Exponential Step Sizes for Non-Convex Optimization

Stochastic Gradient Descent (SGD) is a popular tool in large scale optimization of machine learning objective functions. However, the performance is greatly variable, depending on the choice of the step sizes. In this paper, we introduce the exponential step sizes for stochastic optimization of smooth non-convex functions which satisfy the Polyak-\L{}ojasiewicz (PL) condition. We show that, without any information on the level of noise over the stochastic gradients, these step sizes guarantee a convergence rate for the last iterate that automatically interpolates between a linear rate (in the noisy-free case) and a $O(\frac{1}{T})$ rate (in the noisy case), up to poly-logarithmic factors. Moreover, if without the PL condition, the exponential step sizes still guarantee optimal convergence to a critical point, up to logarithmic factors. We also validate our theoretical results with empirical experiments on real-world datasets with deep learning architectures.

Online Meta-Learning on Non-convex Setting

The online meta-learning framework is designed for the continual lifelong learning setting. It bridges two fields: meta-learning which tries to extract prior knowledge from existing tasks for fast learning of future tasks, and online-learning which focuses on the sequential setting in which problems are revealed one by one. In this paper, we generalize the original framework from convex to non-convex setting, and introduce the local regret as the alternative performance measure. We then apply this framework to stochastic settings, and show theoretically that it enjoys a logarithmic local regret, and is robust to any hyperparameter initialization. The empirical test on a real-world task demonstrates its superiority compared with traditional methods.
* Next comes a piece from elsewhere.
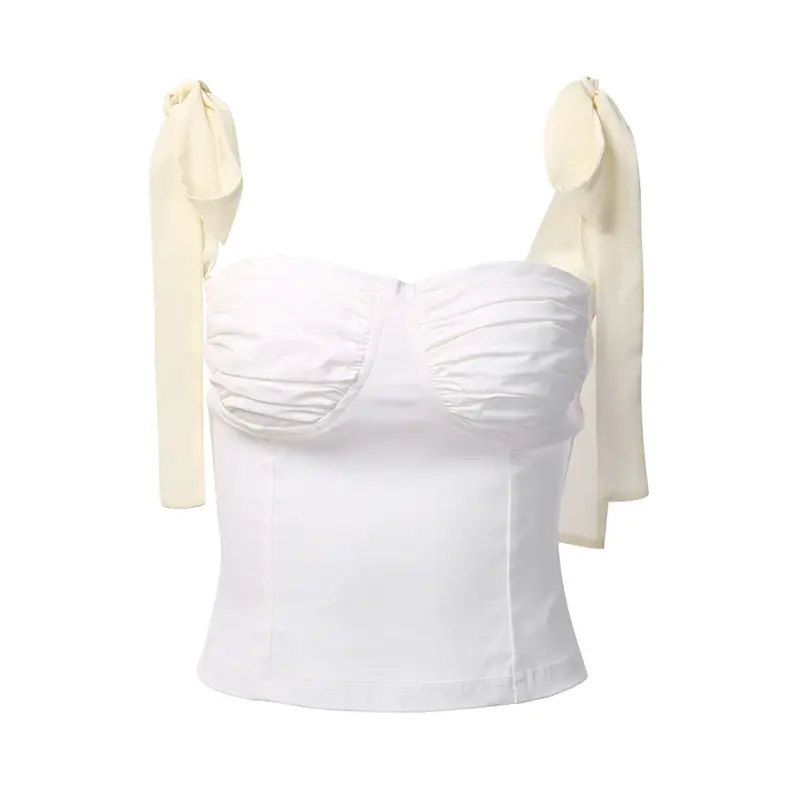 White Bow Shoulder Belt Vest for Women - Image 6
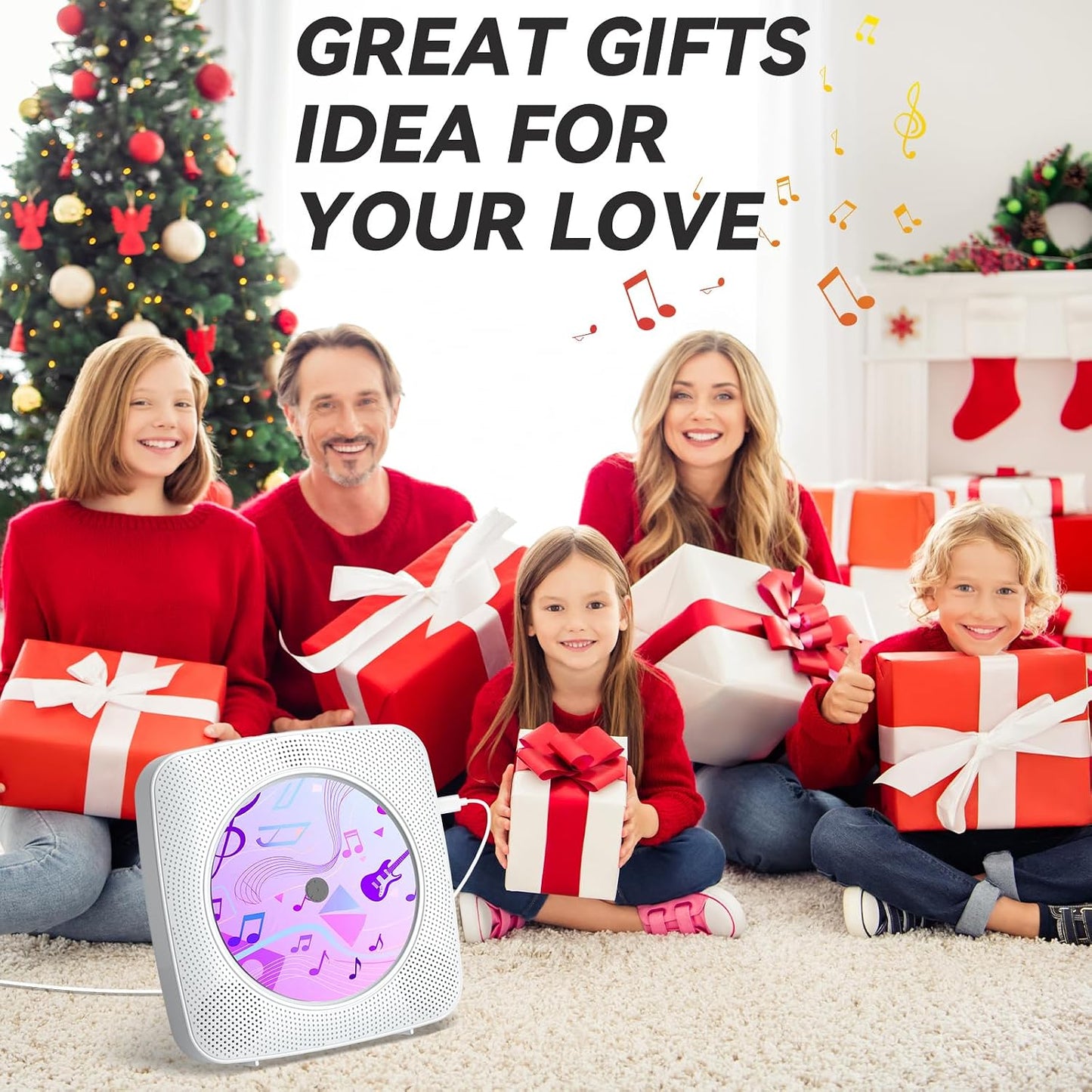 Kegaudio CD Player with Speakers CD Players for Home: Desktop Wall CD Player Bluetooth Portable with Dust Cover LCD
Surrogate Losses for Online Learning of Stepsizes in Stochastic Non-Convex Optimization

Stochastic Gradient Descent (SGD) has played a central role in machine learning. However, it requires a carefully hand-picked stepsize for fast convergence, which is notoriously tedious and time-consuming to tune. Over the last several years, a plethora of adaptive gradient-based algorithms have emerged to ameliorate this problem. They have proved efficient in reducing the labor of tuning in practice, but many of them lack theoretic guarantees even in the convex setting. In this paper, we propose new surrogate losses to cast the problem of learning the optimal stepsizes for the stochastic optimization of a non-convex smooth objective function onto an online convex optimization problem. This allows the use of no-regret online algorithms to compute optimal stepsizes on the fly. In turn, this results in a SGD algorithm with self-tuned stepsizes that guarantees convergence rates that are automatically adaptive to the level of noise.